In seiner Begrüßung ging Joachim Burk, Geschäftsführer des ABZ Bayern, auf die geschichtliche Entwicklung sowie die wesentlichen Punkte der Vergaberechtsreform ein. Deutschland sei einer der wenigen Mitgliedstaaten, welche die EU-Vergaberichtlinien pünktlich umgesetzt hätten. Es handele sich dabei um die umfassendste Reform des Vergaberechts in den letzten zehn Jahren. Die Regelungen zur Vergabe öffentlicher Aufträge seien hierfür grundlegend überarbeitet worden.
Gleich zu Beginn der Veranstaltung informierten Vertreter der Bundesministerien die Teilnehmer über den Prozess der Umsetzung der EU-Richtlinien in nationales Recht.

„Eins-zu-Eins-Umsetzung“ der Richtlinien


Regierungsdirektorin Daniela Hein-Dittrich vom Bundesministerium für Wirtschaft und Energie erläuterte in ihrem Vortrag „Das neue EU-Vergaberecht in Deutschland“, dass sich die Änderung der vergaberechtlichen Regelungen im Oberschwellenbereich grundsätzlich an dem Ziel einer „Eins-zu-Eins-Umsetzung“ der Richtlinien orientiere. Durch das Gesetz zur Modernisierung des Vergaberechts sei der Teil 4 des Gesetzes gegen Wettbewerbsbeschränkungen (GWB) im Hinblick auf Struktur und Inhalte umfassend überarbeitet, mit der Verordnung zur Modernisierung des Vergaberechts die Vergabeverordnung (VgV) völlig neu konzipiert, die Sektorenverordnung geändert und eine neue Konzessionsvergabeverordnung sowie Vergabestatistikverordnung eingeführt worden. Der neue Teil 4 des GWB umfasse die wesentlichen Vorgaben zur Vergabe von öffentlichen Aufträgen und von Konzessionen. Um die praktische Anwendung des Gesetzes zu erleichtern, werde der Ablauf des Vergabeverfahrens erstmals im Gesetz von der Leistungsbeschreibung über die Prüfung von Ausschlussgründen, die Eignungsprüfung, den Zuschlag bis hin zu den Bedingungen für die Ausführung des Auftrags vorgezeichnet. Die Einzelheiten zum Vergabeverfahren und die Ausgestaltung der im GWB angelegten Begriffe fänden sich auf der Verordnungsebene. Der 2. Abschnitt des Teils A der Vergabe- und Vertragsordnung für Leistungen und die Vergabeordnung für freiberufliche Dienstleistungen seien weggefallen und umfänglich in die VgV integriert worden. Eine wichtige Konsequenz daraus: die VgV wird zum Hauptregelungswerk für Auftraggeber bei der Vorbereitung und Durchführung von EU-weiten Vergaben im Liefer- und Dienstleistungsbereich. Im Ergebnis schafft die Modernisierung des Vergaberechts bedeutend mehr Rechtssicherheit, sorgt für mehr Effizienz im Vergabeprozess und stärkt die strategische Beschaffung.

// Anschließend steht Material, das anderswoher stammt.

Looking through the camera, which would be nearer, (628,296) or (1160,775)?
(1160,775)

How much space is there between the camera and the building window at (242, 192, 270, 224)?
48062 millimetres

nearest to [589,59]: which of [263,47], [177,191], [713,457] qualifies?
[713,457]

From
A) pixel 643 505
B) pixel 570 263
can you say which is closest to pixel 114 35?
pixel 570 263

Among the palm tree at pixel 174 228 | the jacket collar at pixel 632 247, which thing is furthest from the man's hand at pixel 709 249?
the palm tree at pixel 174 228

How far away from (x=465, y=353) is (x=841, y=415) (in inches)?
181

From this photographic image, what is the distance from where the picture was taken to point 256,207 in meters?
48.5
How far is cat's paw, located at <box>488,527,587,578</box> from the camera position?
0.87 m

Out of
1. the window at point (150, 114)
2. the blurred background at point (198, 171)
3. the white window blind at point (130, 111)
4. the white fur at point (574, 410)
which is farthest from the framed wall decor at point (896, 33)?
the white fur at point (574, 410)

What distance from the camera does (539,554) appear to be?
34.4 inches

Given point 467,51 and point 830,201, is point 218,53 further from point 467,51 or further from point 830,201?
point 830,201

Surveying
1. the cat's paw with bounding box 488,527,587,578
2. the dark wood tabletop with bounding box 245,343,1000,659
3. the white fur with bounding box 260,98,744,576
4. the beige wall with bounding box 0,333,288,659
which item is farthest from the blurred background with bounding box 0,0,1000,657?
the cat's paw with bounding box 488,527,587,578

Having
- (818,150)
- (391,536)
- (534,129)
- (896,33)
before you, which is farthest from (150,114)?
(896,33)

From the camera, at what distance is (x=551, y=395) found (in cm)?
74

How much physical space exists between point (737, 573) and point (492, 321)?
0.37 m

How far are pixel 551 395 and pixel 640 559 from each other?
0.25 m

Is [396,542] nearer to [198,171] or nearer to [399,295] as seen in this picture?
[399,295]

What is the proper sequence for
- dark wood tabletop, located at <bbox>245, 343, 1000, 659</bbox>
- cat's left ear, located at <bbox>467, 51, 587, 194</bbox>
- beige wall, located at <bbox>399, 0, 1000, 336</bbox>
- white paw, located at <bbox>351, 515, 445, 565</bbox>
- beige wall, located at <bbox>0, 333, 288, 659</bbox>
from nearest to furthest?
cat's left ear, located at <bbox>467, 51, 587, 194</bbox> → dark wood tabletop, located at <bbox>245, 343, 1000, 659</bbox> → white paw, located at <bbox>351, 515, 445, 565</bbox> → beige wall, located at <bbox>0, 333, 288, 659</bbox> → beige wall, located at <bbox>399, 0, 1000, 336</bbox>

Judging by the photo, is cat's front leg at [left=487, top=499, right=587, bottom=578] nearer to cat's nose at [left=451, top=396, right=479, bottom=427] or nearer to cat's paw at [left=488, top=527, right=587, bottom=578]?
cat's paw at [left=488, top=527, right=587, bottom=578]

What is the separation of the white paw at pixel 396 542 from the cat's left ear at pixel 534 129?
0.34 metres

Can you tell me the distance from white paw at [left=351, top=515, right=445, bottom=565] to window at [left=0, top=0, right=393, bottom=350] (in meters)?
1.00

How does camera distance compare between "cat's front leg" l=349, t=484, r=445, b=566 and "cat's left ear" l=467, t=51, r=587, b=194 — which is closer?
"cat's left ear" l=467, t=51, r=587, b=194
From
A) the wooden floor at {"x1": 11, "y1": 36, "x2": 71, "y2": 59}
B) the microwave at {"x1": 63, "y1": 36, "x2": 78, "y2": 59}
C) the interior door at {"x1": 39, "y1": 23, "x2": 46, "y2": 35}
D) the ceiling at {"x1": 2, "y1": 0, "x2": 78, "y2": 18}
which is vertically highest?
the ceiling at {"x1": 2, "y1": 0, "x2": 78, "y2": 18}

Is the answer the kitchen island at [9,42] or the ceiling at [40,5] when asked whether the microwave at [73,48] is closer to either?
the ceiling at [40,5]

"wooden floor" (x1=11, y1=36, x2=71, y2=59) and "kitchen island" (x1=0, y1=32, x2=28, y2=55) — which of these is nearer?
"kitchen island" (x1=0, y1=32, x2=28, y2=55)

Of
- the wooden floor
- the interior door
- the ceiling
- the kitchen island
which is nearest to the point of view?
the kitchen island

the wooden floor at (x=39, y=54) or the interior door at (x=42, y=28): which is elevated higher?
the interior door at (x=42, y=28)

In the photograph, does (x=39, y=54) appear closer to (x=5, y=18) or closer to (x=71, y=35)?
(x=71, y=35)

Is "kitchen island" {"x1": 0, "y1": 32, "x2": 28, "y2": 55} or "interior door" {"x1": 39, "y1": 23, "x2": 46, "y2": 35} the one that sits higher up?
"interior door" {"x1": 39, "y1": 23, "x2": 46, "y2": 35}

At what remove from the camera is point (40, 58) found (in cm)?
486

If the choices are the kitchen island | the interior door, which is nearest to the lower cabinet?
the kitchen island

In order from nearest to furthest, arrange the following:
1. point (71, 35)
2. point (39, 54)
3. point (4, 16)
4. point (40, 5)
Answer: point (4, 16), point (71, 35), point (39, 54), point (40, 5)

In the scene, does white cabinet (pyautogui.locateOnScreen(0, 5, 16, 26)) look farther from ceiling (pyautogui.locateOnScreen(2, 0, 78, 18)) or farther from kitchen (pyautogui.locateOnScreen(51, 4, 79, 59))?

Ministerialrat Reinhard Janssen, Leiter des Referats Recht des Bauwesens und Öffentliches Auftragswesen im Bundesumweltministerium, referierte sodann zu den „Neuerungen und Änderungen bei europaweiten Ausschreibungen von Bau- und Planungsleistungen“. Anders als bei Ausschreibungen im Liefer- und Dienstleistungsbereich habe man im Baubereich die VOB/A in Gänze beibehalten. Der 2. Abschnitt der VOB/A wurde umfassend geändert und an die Anforderungen der EU-Richtlinien angepasst, teilweise durch eigene Regelungen in der VOB/A, teilweise durch wortgetreue Wiedergabe der Bestimmungen im GWB oder der VgV, teilweise durch Verweis auf dortige Regelungen. Der 1. Abschnitt sei hinsichtlich seiner Struktur ebenfalls geändert und an die neue Struktur des 2. Abschnitts angepasst worden, um insbesondere systematische Widersprüche zu vermeiden. Auf einige Besonderheiten ging Janssen explizit ein, wie etwa eine teilweise Rückkehr zum Selbstausführungsgebot sowie die Möglichkeit, Nebenangebote auch bei reinen Preiswettbewerben zu akzeptieren. Zudem gab er einen Ausblick auf die möglichen und auch notwendigen Änderungen im Unterschwellenbereich.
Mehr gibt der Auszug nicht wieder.